/ 11 October 2011

China assails Dalai Lama over self-immolations

China criticised the Dalai Lama on Tuesday for not denouncing a string of self-immolations by monks protesting for religious freedom in Tibetan parts of China, calling his stance a violation of Buddhist principles.

Seven young men in ethnically Tibetan parts of China’s southwestern Sichuan province have set themselves on fire since March in opposition to religious controls by Beijing, which labels their exiled spiritual leader a violent separatist.

“After the incidents the Dalai Lama clique did not condemn this extreme behaviour, and actually openly embellished and played it up, and even asked all kinds of people to follow the example,” Chinese Foreign Ministry spokesperson Liu Weimin told reporters at a regular briefing.

“We believe adopting such means that harm monks to pursue separatist aims is masked violent terrorist behaviour that violates moral norms and Buddhist doctrine, including Tibetan Buddhist teachings,” Liu said.

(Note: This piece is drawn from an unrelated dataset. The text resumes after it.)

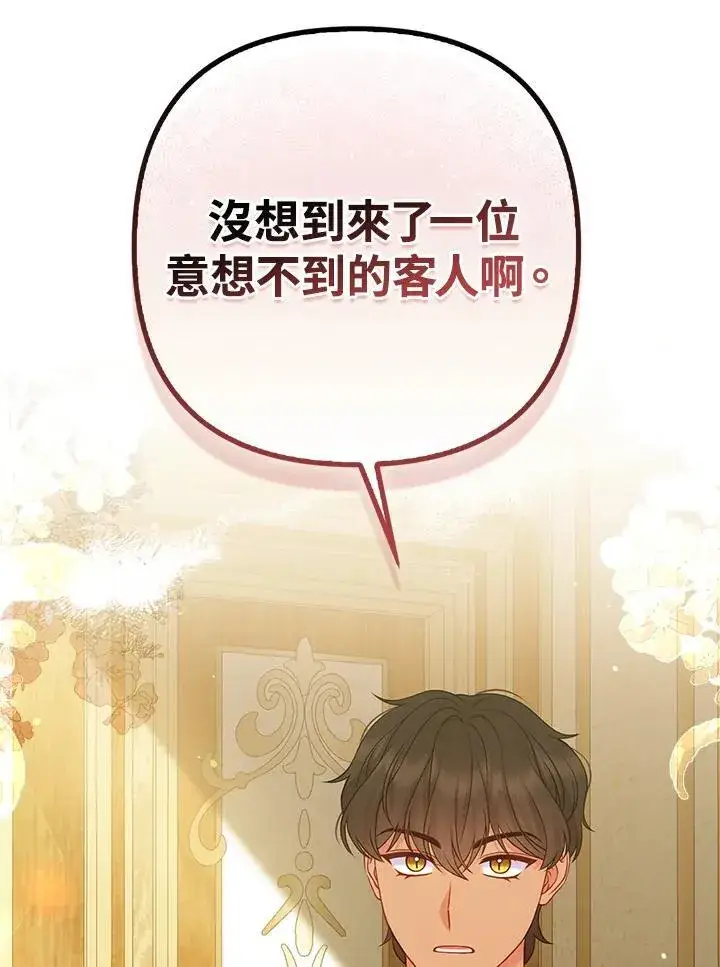 漫画《所以我和废皇太子结婚了》第65话第60张图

The latest young men to set themselves on fire were Choepel (19) and Khayang (18), former Buddhist monks at the Kirti monastery in Sichuan’s Aba prefecture, the London-based advocacy group Free Tibet said on Friday, citing sources in the area.

Earlier last week, a Tibetan monk set himself alight in a market near the monastery in the province, which is next to what China calls the Tibet Autonomous Region.

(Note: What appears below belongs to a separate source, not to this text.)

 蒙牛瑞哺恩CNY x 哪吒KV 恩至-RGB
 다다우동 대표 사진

China in August jailed three monks for their involvement in the March self-immolation by another monk named Phuntsog, which spurred a crackdown and the month-long detention of about 300 Tibetan monks.

At least three of the seven monks who set themselves on fire are believed to have died.

More protests
Monks from the Kirti monastery also participated in protests that hit Tibetan areas of China in March 2008, after demonstrations in Lhasa, the regional capital of Tibet, were suppressed and gave way to deadly violence aimed at non-Tibetans.

Liu said religious activities in China’s Tibetan autonomous regions are being “conducted normally”, and reiterated China’s policy of managing religious activities “according to law to maintain normal social and religious order”.

China has ruled Tibet with an iron fist since Communist troops marched in in 1950. It says that rule has bought much needed development to a poor and backward region.

Beijing and the Nobel Peace Prize-winning Dalai Lama, who says he wants autonomy and not independence for Tibet, have argued lately about what should happen when he dies. Beijing says he has to reincarnate, but the Dalai Lama has questioned whether this tradition should continue.

Tibetans fear that China will use the thorny issue of the Dalai Lama’s religious succession to split the movement, with one new Lama named by exiles and one by China after his death.